Brief: Repeat exactly, and nothing more, the lines from the one that includes "<strong>Yeşilçınar deplasmanda kaybedilen" through the final line of the entries; skip the pictures.

Supplied records:

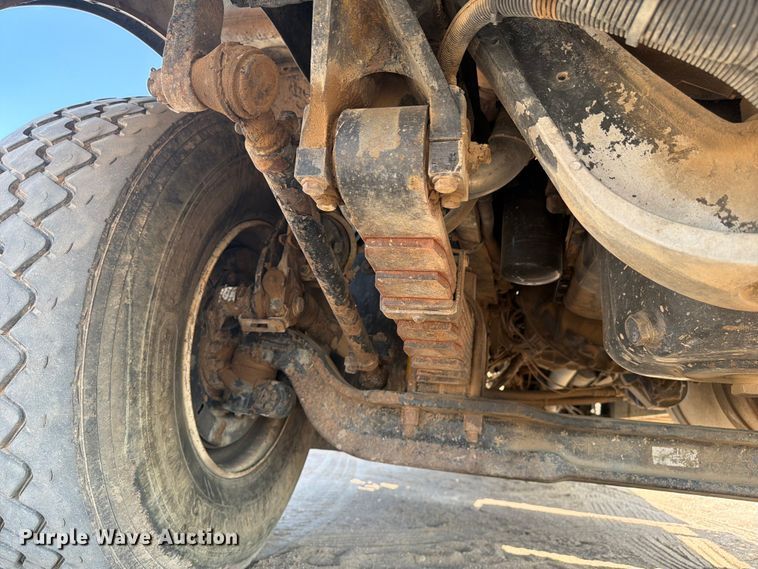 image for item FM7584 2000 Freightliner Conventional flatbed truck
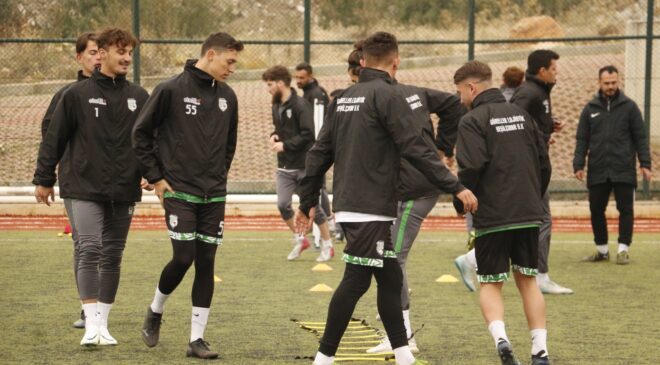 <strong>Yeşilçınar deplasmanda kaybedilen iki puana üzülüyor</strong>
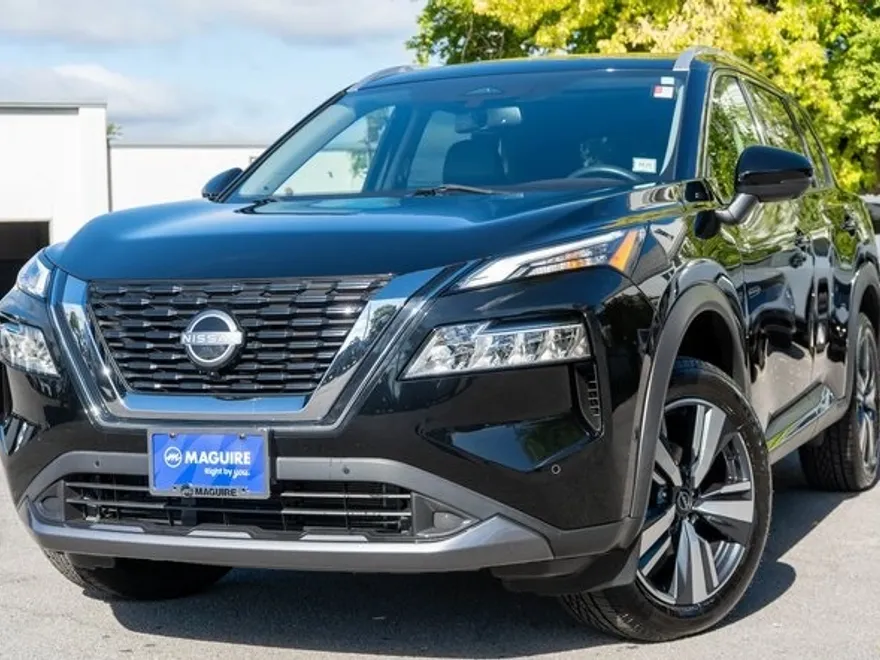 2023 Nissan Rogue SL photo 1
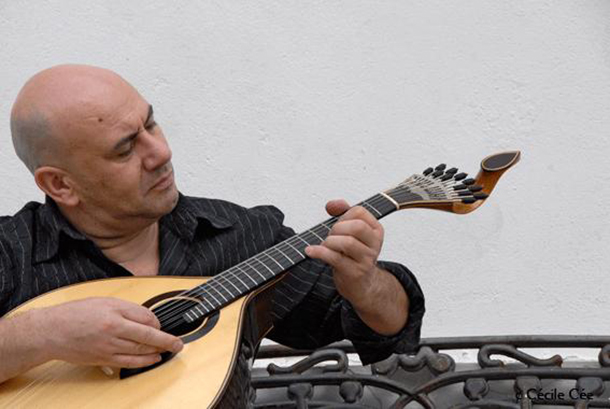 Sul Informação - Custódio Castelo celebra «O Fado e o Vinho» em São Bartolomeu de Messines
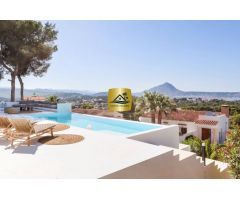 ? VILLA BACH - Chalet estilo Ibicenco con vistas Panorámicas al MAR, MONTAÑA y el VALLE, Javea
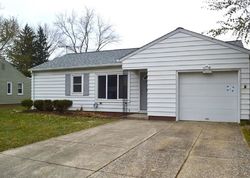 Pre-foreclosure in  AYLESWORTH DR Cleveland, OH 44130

Final answer:
 <strong>Yeşilçınar deplasmanda kaybedilen iki puana üzülüyor</strong>
 2023 Nissan Rogue SL photo 1
 Sul Informação - Custódio Castelo celebra «O Fado e o Vinho» em São Bartolomeu de Messines
 ? VILLA BACH - Chalet estilo Ibicenco con vistas Panorámicas al MAR, MONTAÑA y el VALLE, Javea
 Pre-foreclosure in  AYLESWORTH DR Cleveland, OH 44130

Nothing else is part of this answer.